Marco temporal: mais uma violência do Brasil contra os indígenas

Por Fabiano Contarato, na ConJur

Uma tentativa de aniquilar os povos indígenas. Essa é a essência do PL do Marco Temporal. Embora tenha sido aprovado na Câmara dos Deputados, no que depender de mim, o texto não avançará no Senado. Muito mais do que a retirada de direitos legítimos, esse projeto é um ataque aos povos originários, historicamente violentados e expulsos de suas terras.

A história do Brasil já é cruel demais com os indígenas. Quando aqui chegaram nos anos 1.500, os portugueses expulsaram esses povos dos seus territórios e os escravizaram, em nome da exploração de terras e de recursos naturais. Os colonizadores sequestraram o que os povos tinham de mais sagrado: as terras e a liberdade.

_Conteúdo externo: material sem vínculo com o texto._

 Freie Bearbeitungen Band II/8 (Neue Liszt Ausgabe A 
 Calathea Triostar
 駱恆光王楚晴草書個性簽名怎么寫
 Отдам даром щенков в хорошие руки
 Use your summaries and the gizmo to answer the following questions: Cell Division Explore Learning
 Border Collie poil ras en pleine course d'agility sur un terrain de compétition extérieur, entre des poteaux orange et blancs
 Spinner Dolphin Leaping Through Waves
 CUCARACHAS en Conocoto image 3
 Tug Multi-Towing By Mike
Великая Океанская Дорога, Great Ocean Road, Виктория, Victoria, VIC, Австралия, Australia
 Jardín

O Estado brasileiro não reparou e sequer colocou um fim nessa violência. Pior ainda: vem praticando ataques sistemáticos aos indígenas. Aconteceu na ditadura militar, acontece na exploração de recursos naturais, acontece nas atuações criminosas do garimpo ilegal. O relatório final da Comissão Nacional da Verdade, divulgado em 2014, revelou quão atroz foi a ditadura brasileira para os indígenas.

O Plano de Integração Nacional, de 1970, estimulou a ocupação da Amazônia. O planejamento da Transamazônica cortaria, então, terras de 29 etnias, sendo 11 grupos isolados e nove de contato intermitente, provocando remoções forçadas dos indígenas. O relatório apontou que “o desenvolvimentismo da era militar veio a recortar territórios indígenas, desalojar vários povos e os levar mesmo à beira do extermínio”.

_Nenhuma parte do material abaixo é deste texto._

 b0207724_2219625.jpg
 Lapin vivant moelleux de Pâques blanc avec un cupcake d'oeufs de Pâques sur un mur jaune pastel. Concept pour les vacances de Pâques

A história mostra que essa tentativa de aniquilamento dos povos indígenas teve como pano de fundo o interesse em obras de infraestrutura e a exploração de riquezas naturais. Um relatório do Conselho Indigenista Missionário (Cimi) mostrou que, nos últimos anos, aumentaram os casos de “invasões possessórias, exploração ilegal de recursos e danos ao patrimônio”. Foram 263 ocorrências em 2020; 256, em 2019, e 111 em 2018, revelando um aumento de mais de 100% nesse tipo de crime contra os povos originários. A violência atingiu ao menos 201 terras indígenas, de 145 povos, em 19 estados brasileiros.

O número de indígenas assassinados no Brasil em 2020 foi o mais alto quando comparados os últimos 25 anos. Dados do Cimi revelam 182 assassinatos no ano, número recorde desde o início do levantamento, em 1995. O relatório mais recente sobre direitos humanos, divulgado nesta quarta-feira (14/6), pelas organizações não governamentais Terra de Direitos e Justiça Global expôs 1.171 casos de violência contra defensores de direitos humanos, entre 2019 e 2022. O levantamento fez a classificação racial de 598 vítimas de violência e mostrou que 346 eram indígenas, ou seja, quase 60%.

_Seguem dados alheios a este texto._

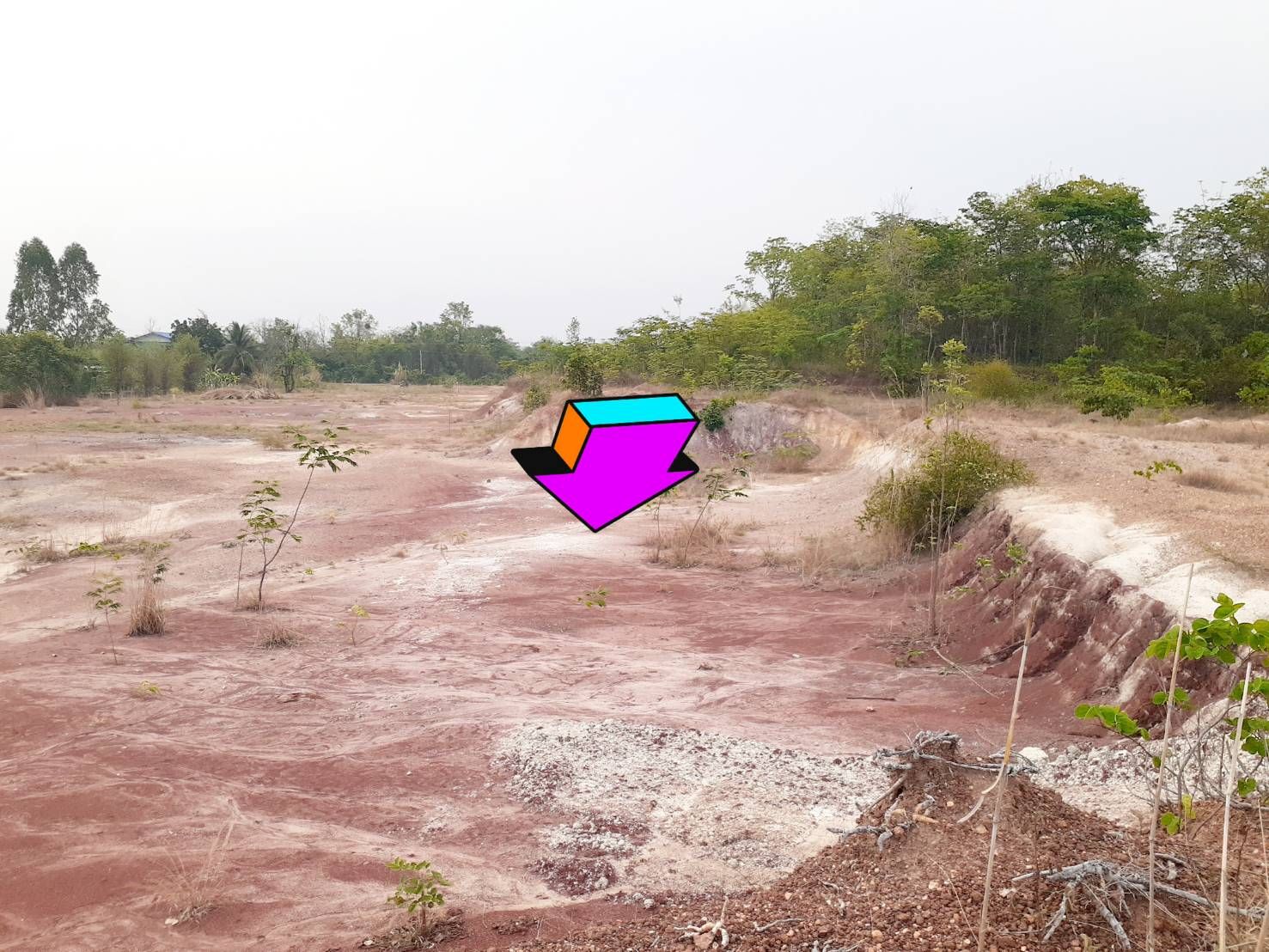 ขายที่ดินเมืองหนองบัวลำภู หนองบัวลำภู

Como forma de sobrevivência, muitos grupos têm migrado para áreas isoladas, não tão férteis nem tão produtivas para a própria sobrevivência, mas que garantiram, até aqui, a continuidade da vida em comunidade.

Esses povos estão sendo apagados da história. À época do descobrimento do Brasil, eram aproximadamente 3,5 milhões. Atualmente, são cerca de 1,65 milhão, segundo dados do Censo Demográfico realizado pelo Instituto Brasileiro de Geografia e Estatística (IBGE). A exploração desmedida de terras e de recursos naturais poderá exterminar os povos indígenas de suas terras e da história.

A tese do marco temporal, de que esses povos só têm direito às terras ocupadas ou em processo de disputa até 5 de outubro de 1988, dia da promulgação da Constituição, não se sustenta. O Congresso não pode ser cúmplice desse criminoso atentado contra os povos originários. O Supremo Tribunal Federal também deve dar uma resposta à sociedade brasileira e um conforto aos povos indígenas ao julgar a tese. É preciso reafirmar a garantia constitucional de que a violência, seja física ou territorial, não é admitida no Estado democrático de Direito.

Os dados comprovam que o próprio Estado foi responsável pela expulsão dos indígenas de suas terras. Além disso, a posse tradicional indígena é distinta da posse civil, de modo que colocar o ano de 1988 como um marco viola a Constituição e as leis.

Os indígenas não precisam comprovar quando chegaram e onde chegaram: a demarcação é o reconhecimento estatal do direito originário à posse dos territórios ocupados tradicionalmente pelos povos indígenas. Ao dizer não ao marco temporal, o Brasil demonstrará ao mundo que deixou de retroceder e violentar os povos que são a origem da nossa história.